After the formal visit of India's army Chief Manoj Mukunda Naravane from 4-6 November, India's foreign secretary Harsh Vardhan Shringla is scheduled to travel to Kathmandu to formally hold talks with Nepal that has long been requesting the southern neighbour to sit for talks on various issues, including the territorial dispute.
According to India's media reports, the visit of India's foreign secretary is a sign that New Delhi is willing to go extra mile in improving bilateral ties that had gone sour earlier this year. Naravane came here not just to be conferred with honorary general of Nepal Army as a continuation of tradition maintained by the two armies, but also to mend fences with Nepal.
Naravane’s visit was more concerned in bridging gaps and clearing misunderstanding, thereby paving the way for meaningful diplomatic dialogue. Prime Minister Oli has categorically conveyed the message that Limpiyadhura, Lipulek and Kalapani belong to Nepal based on historical evidences and documents. If India still claims over these places, the best way for the two sides is to immediately sit for dialogue, Oli had said. Naravane had also said that the two countries could resolve all bilateral issues through dialogue since India and Nepal have long-standing unique relationship.
Prime Minister Oli had clearly said the issues of sovereignty and territorial integrity are serious which Nepal cannot compromise at any cost. Neither should they be left unaddressed for long as these can be the cause of enduring enmity. Understandably, Prime Minister Modi's envoy RAW Chief Samanta Kumar Goel and Naravane have conveyed Oli’s message and that is being reciprocated.

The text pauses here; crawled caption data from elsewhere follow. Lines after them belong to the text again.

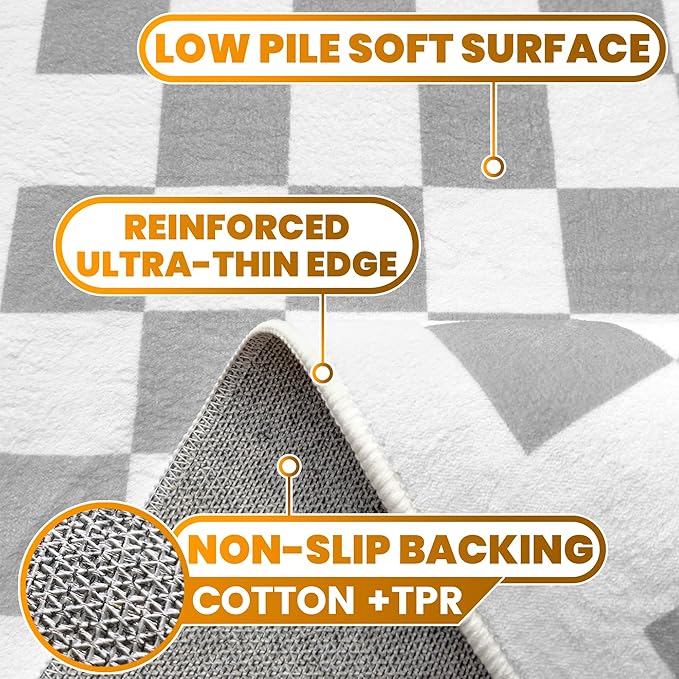 Washable Checkered Rug, 5x7 Grey Checkerboard Modern Foldable Large Area Rugs for Living Room, Low Pile Ultra-Thin Non-Slip Indoor Doormat Carpet for Office Bedroom Diningroom Classroom Dorm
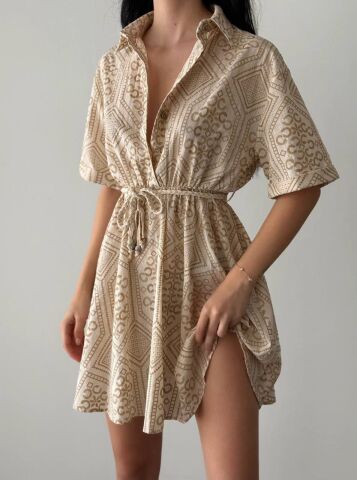Quzu Etnik Desenli Düğmeli Gömlek Elbise Naturel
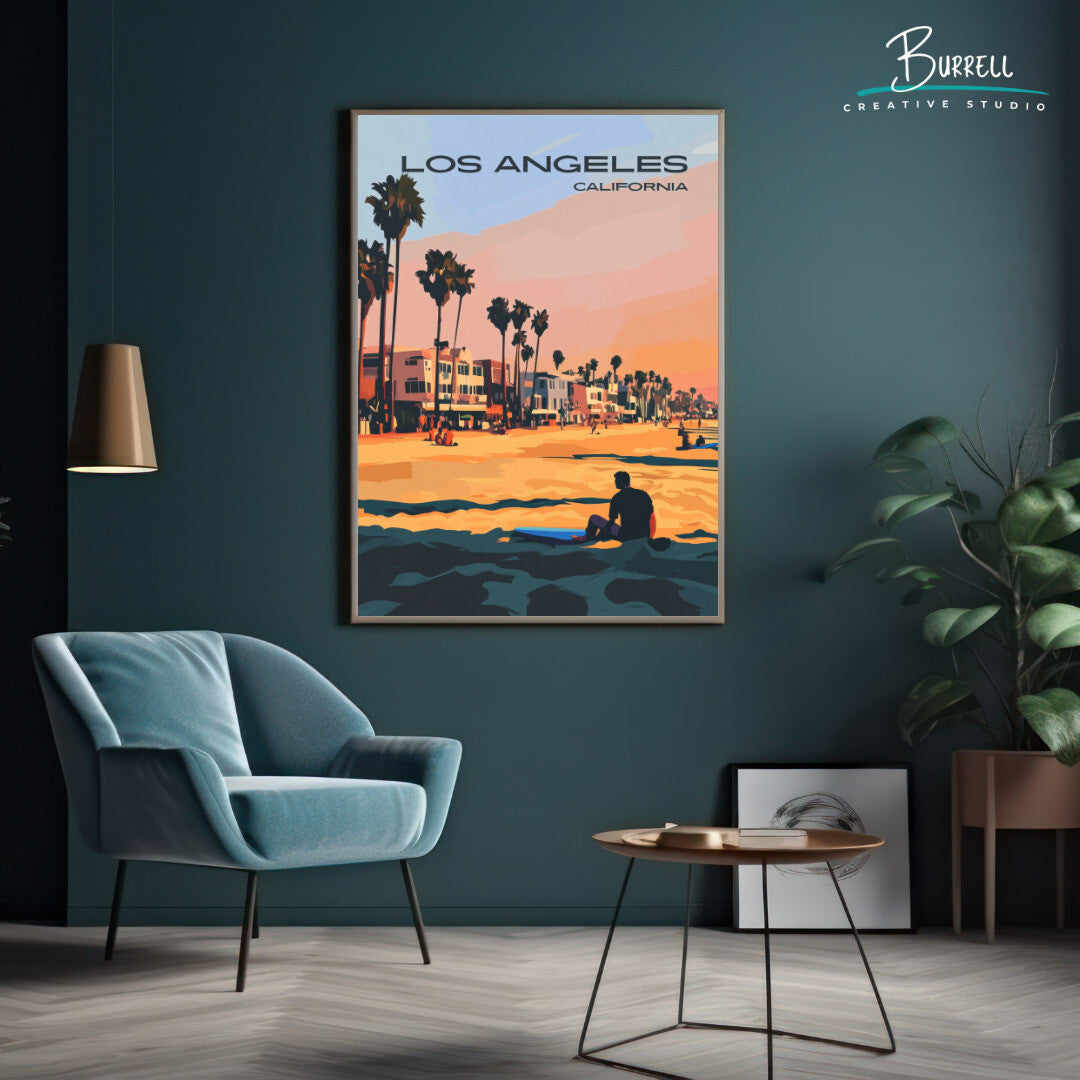 Los Angeles California Venice Beach Travel Poster & Wall Art Poster Print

During his two-day visit (26 -27 November), though not officially announced yet, Foreign Secretary Shringla will hold meetings with his counterpart Bharat Raj Paudel and will meet Prime Minister Oli and President Bidya Devi Bhandari. It is believed that his visit will finalise the schedule for the meeting of the Joint Technical Level Boundary Committee (JTLBC) and the meetings of foreign secretary and Joint Commission led by foreign ministers of the two nations.

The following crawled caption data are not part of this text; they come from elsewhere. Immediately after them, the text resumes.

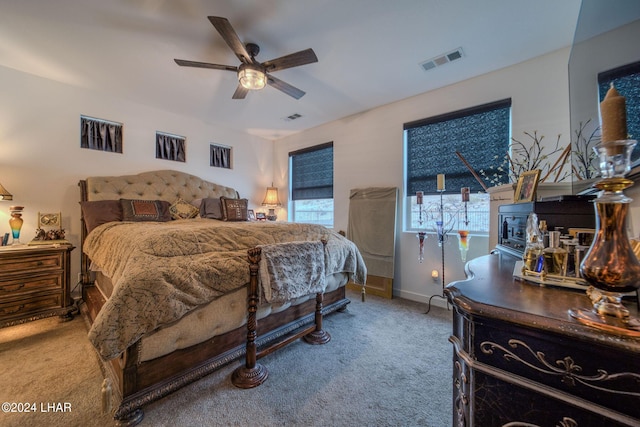 bedroom featuring carpet floors and ceiling fan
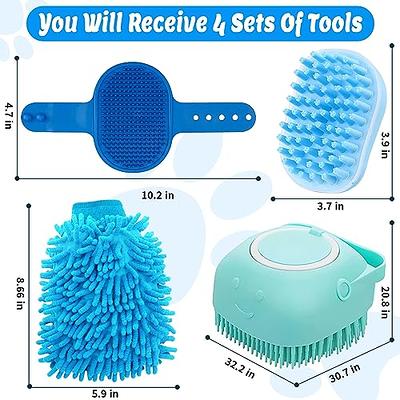 Shampoo Dispenser Pet Massage Bath Brush Dog Cat Silicone Scrub Tool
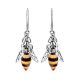 Designer Earrings With Amber Bees, image , picture 3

Giving a hint to both neighbours about his balanced policy, Prime Minister Oli Wednesday visited Sankhuwasabha district of eastern Nepal adjoining China and inspected the Arun -III hydropower project being built by Indian companies. He also inspected Kimathanka, a northern border point. Indian government has been closely watching the progress of Arun -III hydropower project, which some elements tried to obstruct, is now running smoothly after government assured security to it. Similarly, China agreed to support Nepal to convert Koshi highway into Koshi corridor connecting Jogbani of southern point with Kimathanka. Both Arun-III and Koshi corridor are the significant development and infrastructural projects for Nepal. The smooth construction of these projects involving both neighbours manifests the country’s balanced policy focusing on its economic development.

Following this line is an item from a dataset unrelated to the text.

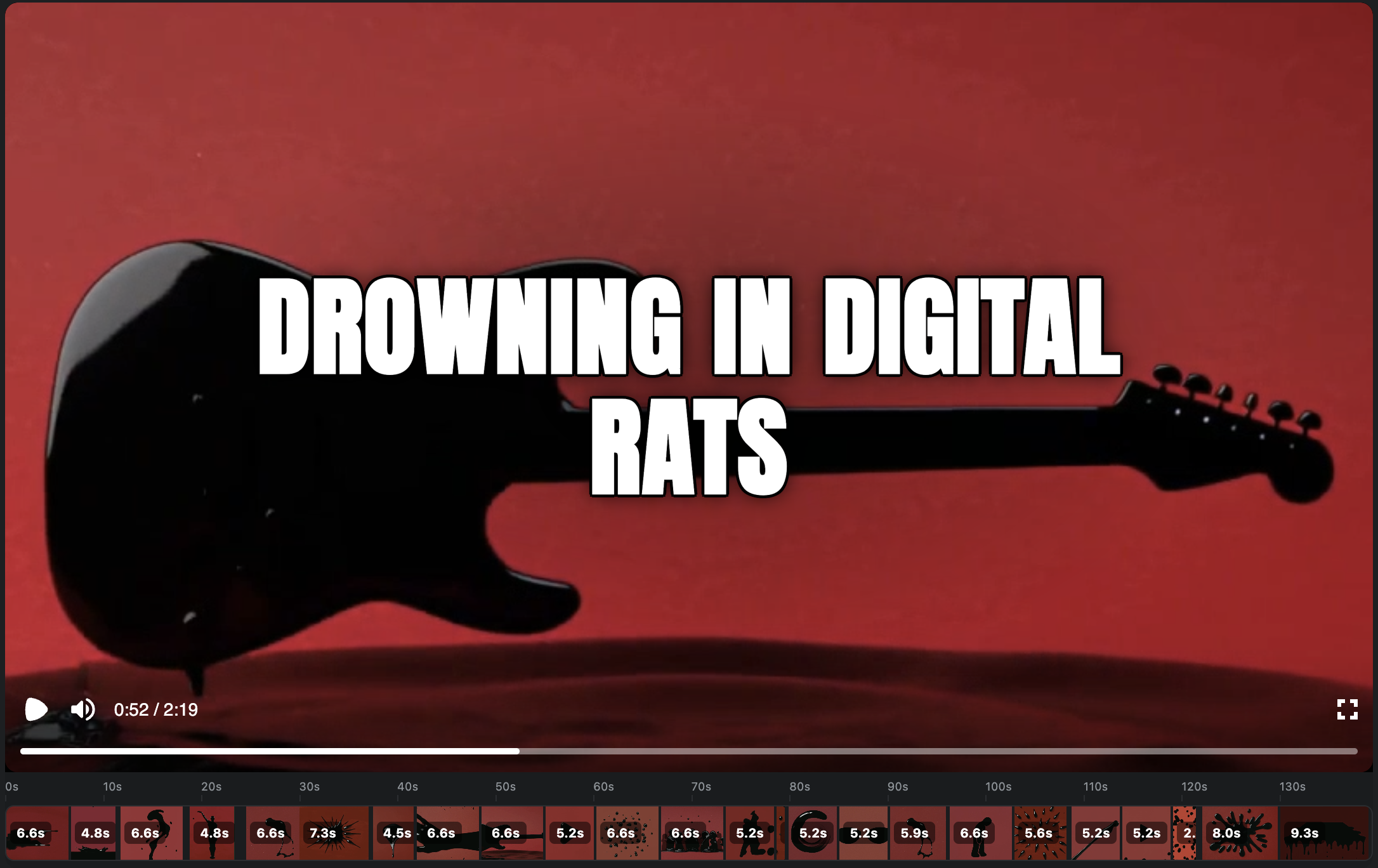 A finished AI lyric video in the editor: one generated scene playing, the whole song's scenes on the timeline below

Some are hell-bent on discrediting Oli's nationalism and patriotism through fabricated news and narratives. But, such attempts have gone down the tube time and again. It is unlikely that they will succeed in future, too. Many political analysts have nurtured their flawed views that India will never hold talks with Prime Minister Oli on the disputed boundary and will instead take tough measures like that of blockade but they have proved themselves wrong. This situation is not the outcome of Prime Minister Oli's diplomacy of pleasing India, but a result of India's need to maintain friendly relations with Nepal.

Modest diplomacy
The change of guard in the USA and subsequent spillover effects on the rest of the powerful nations of each continent, including that of Asia, has also given message that power domination and arrogant diplomacy does not produce expected results. Even in diplomacy, modesty is the best policy to bring desired results.